The reasons behind my reaction was because Jin and Meisa didn't have any rumours before until this year January ! And after their rumours on January,they straightaway got married on February! Isn't that a little crazy? like gunshot marriage? The most shocking new was that Meisa is actually 2 months pregnant. How would that not be devastating for the fans?!

However,if u think that i'm feeling sad and all is because of his marriage,i think you got it wrong. I definitely support Jin to get married since he always wanted to have a happy family together with his lovely kids. However,among all the girls,why is it Meisa? And among all kinds of love,why is it this kind of gunshot love. (According to some rumours,they only dated for 1 month or so. ) Jin...what's wrong with u...?

Pushing that topic aside. What about Kame? I have always supported AKAME because i could really see the bond between them. The way they act shows me something more than friends and lovers. It's even more than soulmates and couples ! I don't know how to explain their bond. It's crazy. This is the first time i felt something so strong therefore i always believe in their ''underground'' love. I always believe in them and invested everything on them. How do u explain the pinky rings? How do u explain ''kizuna'' and ''care''? How do u explain ''seasons''? How do u explain all the glance that is filled with love? How do u ? How do u ? There's so many questions i would like to ask ...but i know i wouldn't be answered no matter how persistent i am...So akame actually turned out to be fake? Are u serious? To be honest,i think i'm so shock is because i'm literally questioning myself now and there that ''what happened to akame?'' I SERIOUSLY THOUGHT THEY WERE REAL. Like seriously serious. I guess that is the reason why my heart shattered that badly. Jin,are u actually in love with Kame or not? I actually still believe that you guys are in love till now. I think i wouldn't stop believing. Afterall,i don't believe in media that much. But i'm really disappointed.

However,if jin is really in love with Meisa and he married her is because he LOVES her. And akame actually is purely friendship.
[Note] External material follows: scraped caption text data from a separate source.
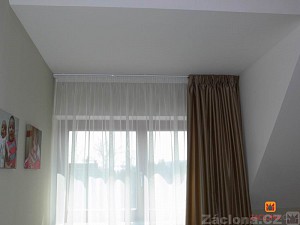 Familienhaus – Schlafzimmer und Badezimmer | Heimtex Ideen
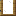 Texture for 12345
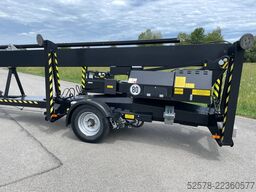 Denka-Lift DL 30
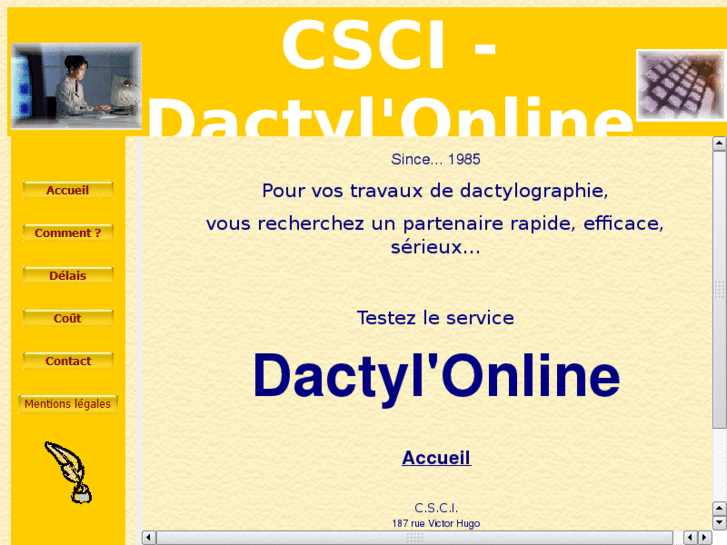 www.dactyl-online.com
Then all i can say is ''good luck and wish you all the best for your future''. I can't bring myself to lie and say words like ''i'm happy for you! congratuation'' but i'm definitely glad for you as your dream and wish have came true. Work hard and Bless you , Jin.

Then now that i think of it,i wonder how kame felt and is feeling right now. Is he feeling happy for him ,or is he actually feeling sad and on the verge of breaking down ? Or is he feeling neutral because akame actually never once existed,it was all fanservice and illusion for the shippers.I don't know and will never know. But I wish someone could tell me clearly and truthfully ''does akame exist now? ''

Somehow,without Jin,Kame doesn't look perfect and without Kame, Jin doesn't look perfect. So right now,both of them are actually not perfect in my eyes anymore. They need one another. Like those key and lock. Without key,the lock will be useless. Without lock,the key will be useless. So that's how i'm feeling right now.

Anyway,it's super late at night now and my dad is forcing me to sleep. So i shall update part 2 sometime soon (:

p/s : i want to apologise for my bad mood on friday. I literally hated everyone cause my mood was really bad at that time and my friends weren't caring how i felt and continue to hurt me by saying some annoying words. Therefore,i was a little mean. I would like to apologise but i don't feel sorry.